Dry Land situated in Mumbai Sub Urban District and Districts of Thana, Raigad, Ratanagiri, Sindhdurg, Bhandara, Gadchiroli, Sironcha talukas of Chandrapur District which is under paddy cultivation for continuous period of three years.
Dry Crop Lands other than all above lands.
The Maharashtra Co-op Act, 1960
While taking loan from co-operative society member is furnishing undertaking to the society that he is mortgaging his own agricultural land against the said loan amount. Under section 48, a charge on land continues until the whole debt, due to the society is satisfied.
Transfer of Property Act, 1882
Section 52 of the Transfer of Property Act provides that during the pendency of any litigation affecting the immovable property it can not be transferred or otherwise dealt with by any party to the suit so as to affect the rights of the other party under any decree or order which may be made therein.
Registration Act, 1908
Section 17 of the Registration Act, 1908 lays down different categories of documents for which registration is compulsory. The documents relating to the following transactions of immovable properties are required to be compulsorily registered; Instruments of gift of *immovable property
Lease of immovable property from year to year or for any term exceeding one year or reserving a yearly rent.
Instruments which create or extinguish any right or title to or in an immovable property of a value of more than one hundred rupees.
“Immovable property includes: “Land, buildings, hereditary allowances, rights to ways, lights, fisheries or any other benefit to arise out of land, and things attached to the earth, or permanently fastened to any thing which is attached to the earth, but not standing timber, growing crops nor grass.”

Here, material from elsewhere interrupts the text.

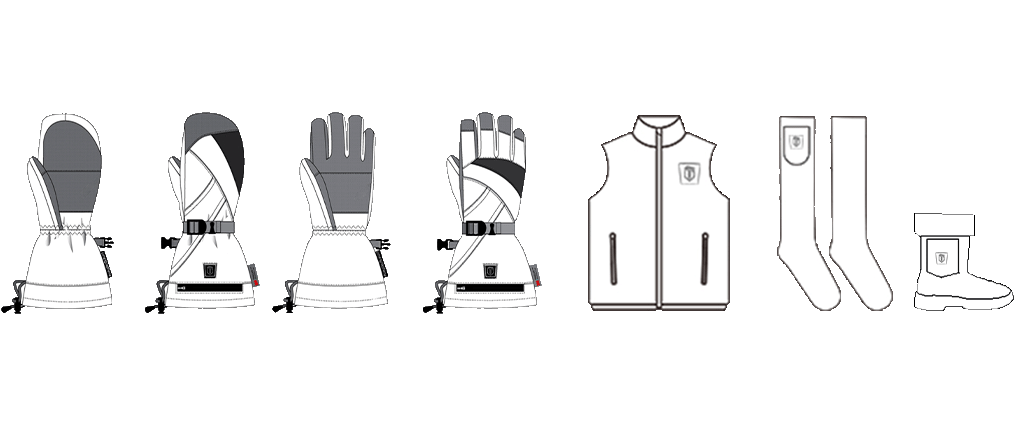 Manufacturing Graphene Times Heated Clothing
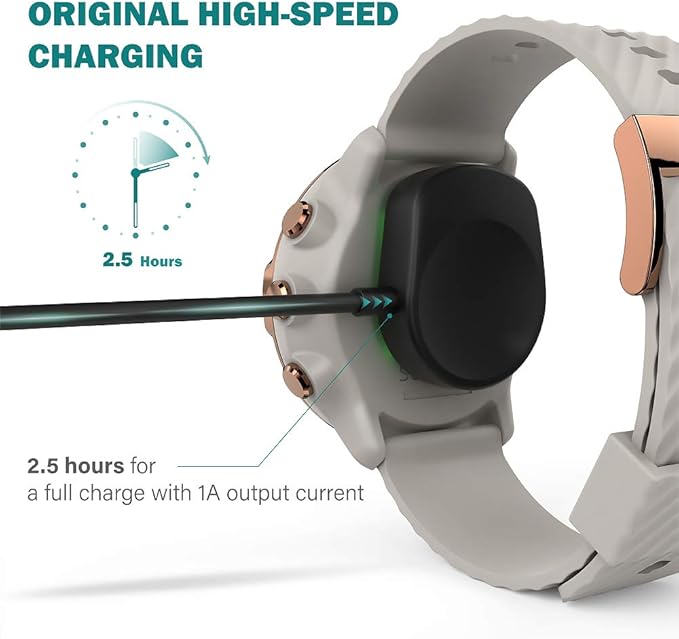 Câble de charge Suunto 7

Under section 49 of the above act, if the registration of the above transactions are not made the transactions are to be treated as a null and void.
Wakf is a permanent dedication of movable or immovable properties for religious, pious or charitable purposes as recognized by Muslim Law. No transfer of immovable of a wakf , by way of sale or mortgage, exchange or lease for period of exceeding three years is validly allowed without previous sanctioned of the Wakf Board.
These lands attract the provisions of the charitable Trust Acts. The trusties are competent to dispose of the trust property exercising the powers vested in them by the Trust Deed.